Clearing storage area in destination increasingly slow on long-lived airbyte instances

  • Is this your first time deploying Airbyte?: No
  • OS Version / Instance: Oracle Linux 8 Ec2 Instance
  • Memory / Disk: 32GB / 100GB
  • Deployment: Docker
  • Airbyte Version: 0.40.22
  • Source name/version: Postgres 1.0.33
  • Destination name/version: S3 0.3.17
  • Step: The issue is happening upon re-adding a connection and performing the reset of streams for a connection
  • Description:

There are occasions where I will wish to delete and create a number of connections, this results in a new initial sync of data as desired, however, when attempting to setup a connection on airbyte EC2 instance that has been running for some time, it takes longer and longer for the ‘Clearing storage area in destination’ step to complete during the stream reset.
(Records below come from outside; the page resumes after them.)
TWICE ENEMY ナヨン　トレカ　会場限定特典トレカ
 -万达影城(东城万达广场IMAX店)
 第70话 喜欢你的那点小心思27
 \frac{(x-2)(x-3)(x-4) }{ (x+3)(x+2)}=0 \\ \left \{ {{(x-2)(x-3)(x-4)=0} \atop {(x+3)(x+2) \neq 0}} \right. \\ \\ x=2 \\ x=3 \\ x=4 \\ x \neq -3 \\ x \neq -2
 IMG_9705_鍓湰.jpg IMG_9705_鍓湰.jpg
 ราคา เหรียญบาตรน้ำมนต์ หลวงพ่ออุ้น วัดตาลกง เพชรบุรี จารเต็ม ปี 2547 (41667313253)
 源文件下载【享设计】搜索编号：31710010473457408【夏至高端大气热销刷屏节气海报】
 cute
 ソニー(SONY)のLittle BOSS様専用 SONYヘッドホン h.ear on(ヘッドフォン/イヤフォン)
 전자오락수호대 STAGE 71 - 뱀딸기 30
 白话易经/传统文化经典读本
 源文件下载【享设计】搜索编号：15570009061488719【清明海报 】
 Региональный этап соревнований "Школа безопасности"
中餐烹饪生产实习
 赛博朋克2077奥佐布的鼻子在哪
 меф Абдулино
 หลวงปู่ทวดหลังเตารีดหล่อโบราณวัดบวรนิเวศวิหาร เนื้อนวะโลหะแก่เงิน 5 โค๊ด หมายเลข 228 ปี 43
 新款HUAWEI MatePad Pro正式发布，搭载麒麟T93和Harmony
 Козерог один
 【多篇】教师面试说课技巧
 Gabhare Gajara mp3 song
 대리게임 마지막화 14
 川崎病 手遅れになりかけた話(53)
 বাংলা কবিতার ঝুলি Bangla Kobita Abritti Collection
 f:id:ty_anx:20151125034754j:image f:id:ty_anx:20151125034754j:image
I’ve seen this take over 4 hours for one database with around 666 tables, yet if I rebuild the airbyte environment by destroying the EC2 instance and configuring it via ansible, This step took less than a minute.

I’ve tried manually ensuring the destination bucket is empty so that this step does not have to clean up any data in the destination, however, this made no difference and I believe this step relates to the local data/preparation.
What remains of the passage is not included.